A U.S. military pilot known as the “Candy Bomber” for his airdrops of sweets during the Berlin airlift after World War II ended has died

DENVER — U.S. military pilot Gail S. Halvorsen — known as the “Candy Bomber” for his candy airdrops during the Berlin airlift after World War II ended — has died at age 101.

Halvorsen died Wednesday following a brief illness in his home state of Utah, surrounded by most of his children, James Stewart, the director of the Gail S. Halvorsen Aviation Education Foundation, said Thursday.

DENVER — U.S. military pilot Gail S. Halvorsen — known as the “Candy Bomber” for his candy airdrops during the Berlin airlift after World War II ended — has died at age 101.

Halvorsen died Wednesday following a brief illness in his home state of Utah, surrounded by most of his children, James Stewart, the director of the Gail S. Halvorsen Aviation Education Foundation, said Thursday.

Halvorsen was beloved and venerated in Berlin, which he last visited in 2019 when the city celebrated the 70th anniversary of the day the Soviets lifted their post-World War II blockade cutting off supplies to West Berlin with a big party at the former Tempelhof airport in the German capital.

“Halvorsen’s deeply human act has never been forgotten,” Berlin Mayor Franziska Giffey said in a statement.

Utah Gov. Spencer Cox also praised Halvorsen, who was born in Salt Lake City but grew up on farms before getting his pilot’s license.

“I know he’s up there, handing out candy behind the pearly gates somewhere,” he said.

After the United States entered World War II following the attack on Pearl Harbor, Halvorsen trained as a fighter pilot and served as a transport pilot in the south Atlantic during World War II before flying food and other supplies to West Berlin as part of the airlift.

According to his account on the foundation’s website, Halvorsen had mixed feelings about the mission to help the United States’ former enemy after losing friends during the war.

But his attitude changed, and his new mission was launched, after meeting a group of children behind a fence at Templehof airport.

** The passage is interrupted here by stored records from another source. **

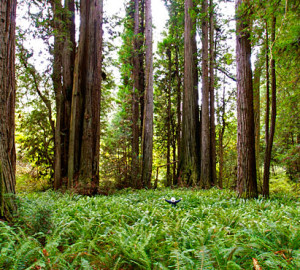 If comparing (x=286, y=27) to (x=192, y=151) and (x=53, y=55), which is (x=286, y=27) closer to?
(x=192, y=151)

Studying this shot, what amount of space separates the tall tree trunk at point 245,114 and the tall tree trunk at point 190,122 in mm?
3913

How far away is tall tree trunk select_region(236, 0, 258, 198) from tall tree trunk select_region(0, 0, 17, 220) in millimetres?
4702

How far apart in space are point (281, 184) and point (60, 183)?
9990mm

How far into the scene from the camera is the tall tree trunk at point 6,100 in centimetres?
261

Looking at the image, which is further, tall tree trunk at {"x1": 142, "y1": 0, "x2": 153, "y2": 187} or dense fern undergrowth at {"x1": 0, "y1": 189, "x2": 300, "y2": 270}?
tall tree trunk at {"x1": 142, "y1": 0, "x2": 153, "y2": 187}

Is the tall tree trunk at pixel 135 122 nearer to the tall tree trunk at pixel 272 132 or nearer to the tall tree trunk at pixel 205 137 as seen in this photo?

He offered them the two pieces of gum that he had, broken in half, and was touched to see those who got the gum sharing pieces of the wrapper with the other children, who smelled the paper. He promised to drop enough for all of them the following day as he flew, wiggling the wings of his plane as he flew over the airport, Halvorsen recalled.

He started doing so regularly, using his own candy ration, with handkerchiefs as parachutes to carry them to the ground. Soon other pilots and crews joined in what would be dubbed “Operation Little Vittles.”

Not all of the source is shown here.